Triage Agent Playbook

Externalized detailed command sequences from the agent definition per the few-shot-examples rule (#1

Triage Agent — Detection Playbook

Externalized detailed command sequences from the agent definition per the few-shot-examples rule (#1587, #1600). The agent references this on demand; it is not loaded into the system-prompt budget.

The agent definition keeps the Linux RFC 3227 volatility-order capture, the eight red-flag escalation gates (with their detection commands), and the deliverable template inline. This file carries the per-platform multi-platform triage command sequences.

The volatility order and escalation triggers remain identical across platforms — only the tools change.


Windows Triage (WMI/PowerShell)

Capture volatile state via PowerShell. Run these in order, saving output to a timestamped directory.
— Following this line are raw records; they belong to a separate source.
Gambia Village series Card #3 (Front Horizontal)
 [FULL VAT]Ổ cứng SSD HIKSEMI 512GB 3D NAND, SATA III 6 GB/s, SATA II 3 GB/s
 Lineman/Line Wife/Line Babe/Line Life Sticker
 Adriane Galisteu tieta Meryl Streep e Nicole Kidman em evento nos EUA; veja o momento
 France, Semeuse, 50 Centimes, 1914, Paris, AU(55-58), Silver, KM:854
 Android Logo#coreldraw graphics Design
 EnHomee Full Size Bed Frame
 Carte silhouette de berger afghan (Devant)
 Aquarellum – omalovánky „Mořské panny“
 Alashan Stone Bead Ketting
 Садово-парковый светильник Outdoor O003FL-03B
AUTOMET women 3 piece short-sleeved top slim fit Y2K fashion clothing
# Process list with full command lines and parent PIDs
Get-Process | Select-Object Id, ProcessName, Path, CPU, WorkingSet, StartTime | Sort-Object CPU -Descending

# Network state — equivalent to ss -tunap
Get-NetTCPConnection | Select-Object LocalAddress, LocalPort, RemoteAddress, RemotePort, State, OwningProcess |
  Where-Object { $_.State -eq 'Established' }

# Processes with no disk-resident binary (equivalent to /proc/*/exe deleted check)
Get-Process | Where-Object { $_.Path -eq $null } | Select-Object Id, ProcessName, CPU

# Security event log — last 200 authentication events
Get-WinEvent -LogName Security -MaxEvents 200 |
  Where-Object { $_.Id -in 4624, 4625, 4648, 4672, 4698, 4720 } |
  Select-Object TimeCreated, Id, Message

# Explicit auth failures and successes for privileged accounts
Get-EventLog -LogName Security -InstanceId 4625 -Newest 50
Get-EventLog -LogName Security -InstanceId 4624 -Newest 20

# Registry persistence — Run keys (execute at logon)
Get-ItemProperty "HKLM:\Software\Microsoft\Windows\CurrentVersion\Run"
Get-ItemProperty "HKCU:\Software\Microsoft\Windows\CurrentVersion\Run"
Get-ItemProperty "HKLM:\Software\Microsoft\Windows\CurrentVersion\RunOnce"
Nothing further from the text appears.